Source records

= = = = =

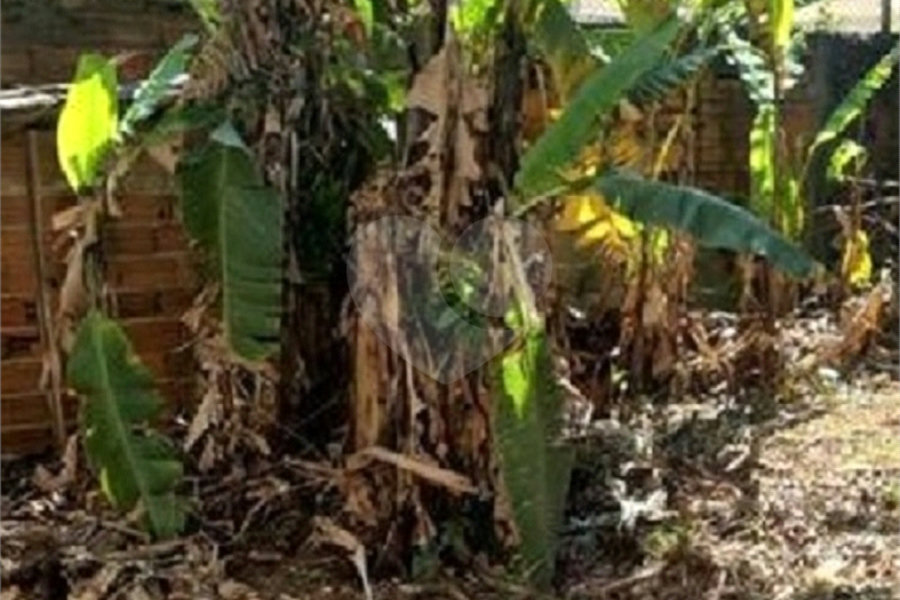 Terreno à venda em Tucuruvi, São Paulo, SP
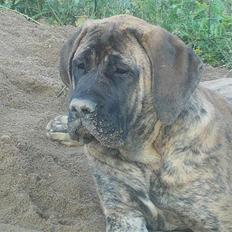 Mastiff Engelsk Mastiff, Bodil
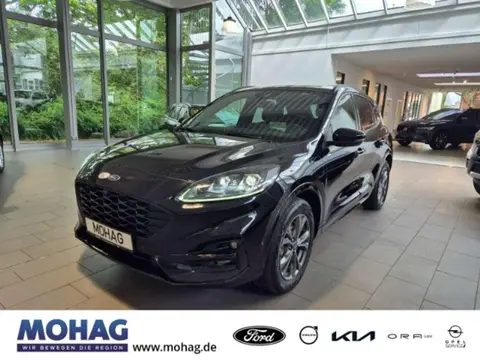 Used FORD KUGA Hybrid 2021 Ad 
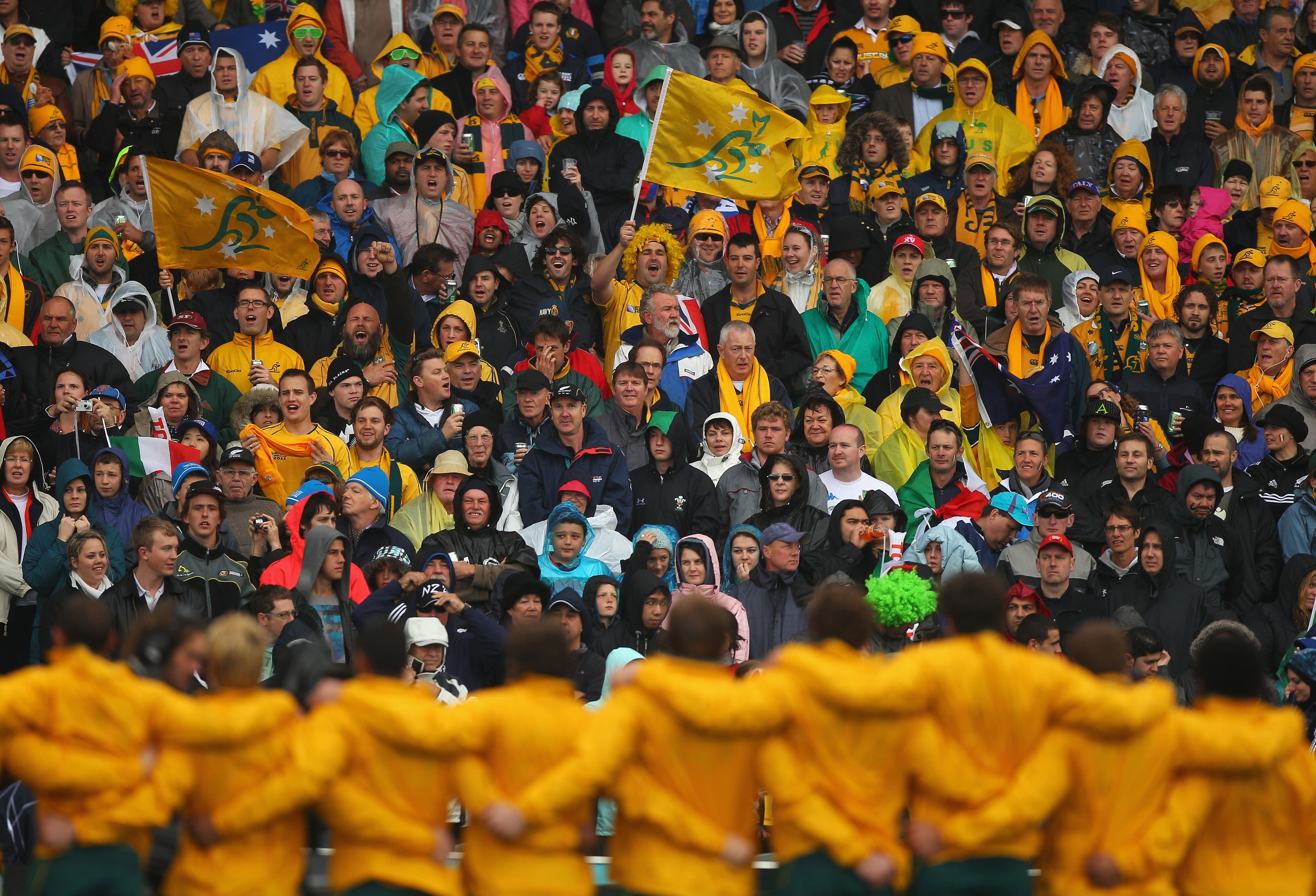 wallabies crowd image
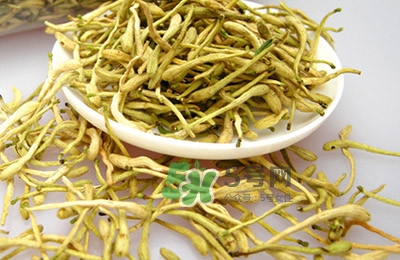 金銀花茶是去火的嗎？金銀花茶有什么功效與作用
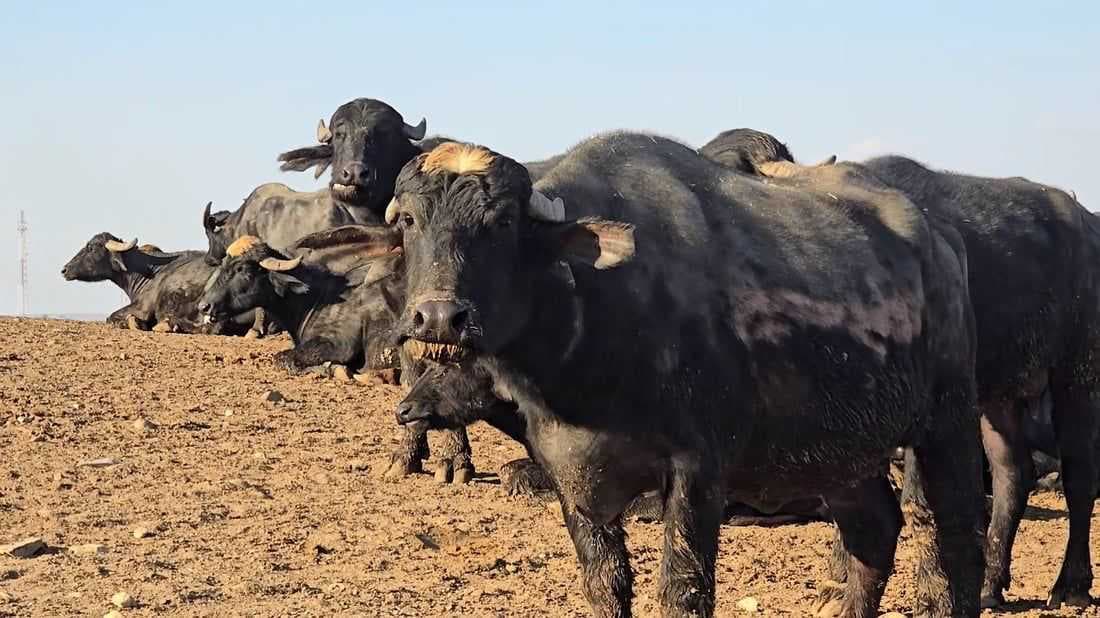 العراق يعلن انحسار الإصابات بالحمى القلاعية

= = = = =

Task instructions.
Give back the entries verbatim but drop every picture.

Response for this exercise.
 Terreno à venda em Tucuruvi, São Paulo, SP
 Mastiff Engelsk Mastiff, Bodil
 Used FORD KUGA Hybrid 2021 Ad 
 wallabies crowd image
 金銀花茶是去火的嗎？金銀花茶有什么功效與作用
 العراق يعلن انحسار الإصابات بالحمى القلاعية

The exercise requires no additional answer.